Plenty of us will be making our New Year’s Resolutions, struggling not to break them during the first few weeks of the new year, a tradition that stretches back to Ancient Rome.

The start of the new year is a great time to look at the highs and lows of the past 12 months. As we look forward to 2020, we remain optimistic that Downtown will endure the hiccups of 2019, finding itself in a far better position around this same time next year.

The year 2019 came off almost like a year filled with setbacks. Homelessness in the region took a turn for the worst, experiencing double digit increases in both the city and county, as well as locally in Skid Row, which many can cite as the epicenter of Los Angeles’ homeless crisis. City Controller Ron Galperin issued two scathing reports criticizing both the Los Angeles Homeless Services Authority’s metrics and outreach guidelines, and the use of over $1 billion in Proposition HHH funds.

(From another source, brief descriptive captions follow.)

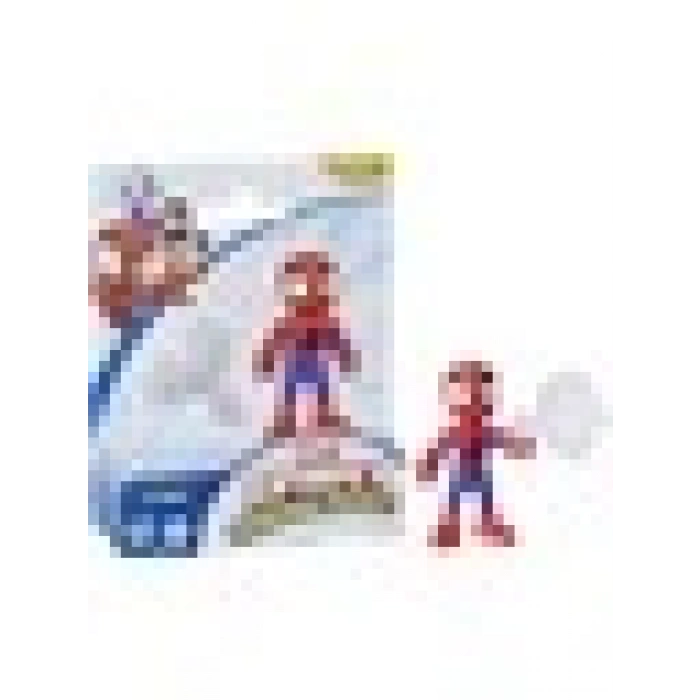 Marvel Spidey And His Amazing Friends Spidey Oyuncağı, Aksesuarlı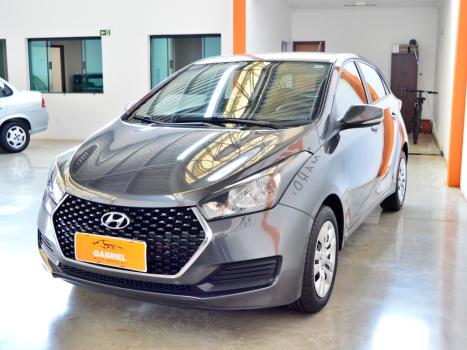 HYUNDAI HB 20 Hatch 1.0 12V 4P FLEX COMFORT PLUS, Foto 3
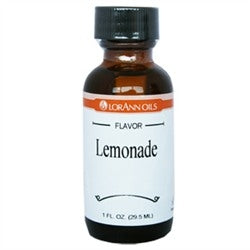 Lemonade Flavor - 1 Ounce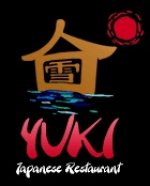 Logo Restaurant Yuki Birmingham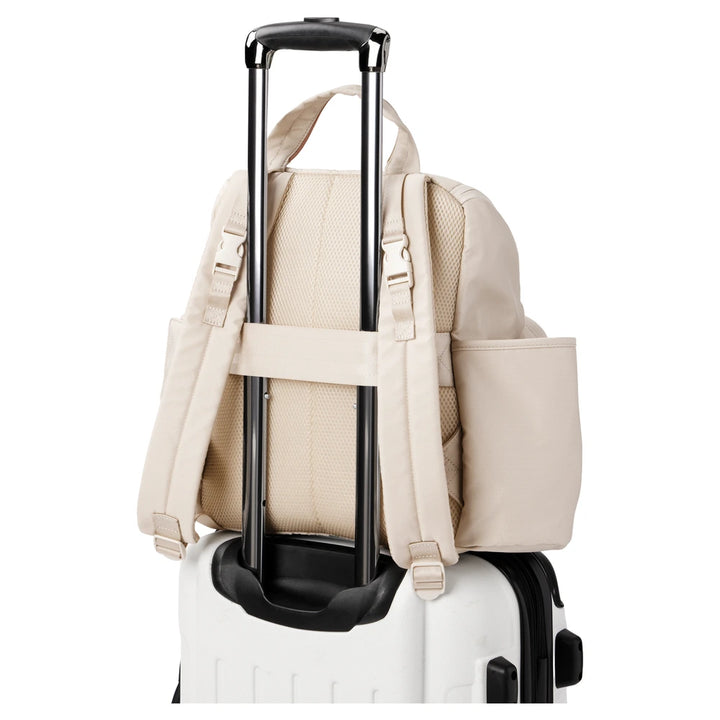 Skip Hop Forma Next Backpack - Oat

Homicides spiked in the region, almost eclipsing the decade high, and major development projects like Oceanwide Plaza either stalled, or endured major timeline shifts.

But heading into 2020, there is still plenty to be excited for. For the first time in over a decade, Downtown Los Angeles will have a representative without the last name Huizar after Councilman José Huizar is termed out of office in November, marking a major and exciting change to the Downtown landscape. Leading the pack to replace the longtime politician is Senate President pro tempore Kevin de León and former Los Angeles Unified School District President Monica Garcia.

At the Los Angeles Homeless Services Authority, Peter Lynn, who announced that he was stepping down at the end of the year, will be replaced with a new executive director who will be equally tasked with tackling the regions growing homeless crisis.

Large community service developments like the Terasaki Budokan in “Skidrokyo,” the amalgamous area between the neighborhood known as Skid Row and Little Tokyo, will bring new community amenities to the area, while First and Broadway Park, is expected to break ground in 2020, which will eventually add much needed recreation and relaxation space to the civic center.

Perla, the first new high rise housing project in the Historic Core is slated to open as well, bringing new residents to the Broadway corridor and on a macro level, the city is slated to adopt the DTLA 2040 plan, which sets new guidelines for the future development of Downtown over the next two decades.

This past year was a period of transitions and setbacks, but not without its accomplishments. But when we sit down next year to catalogue the ups and downs of 2020, we believe that there will be far more ups than downs as Downtown takes advantage of the upcoming opportunities to take massive steps forward.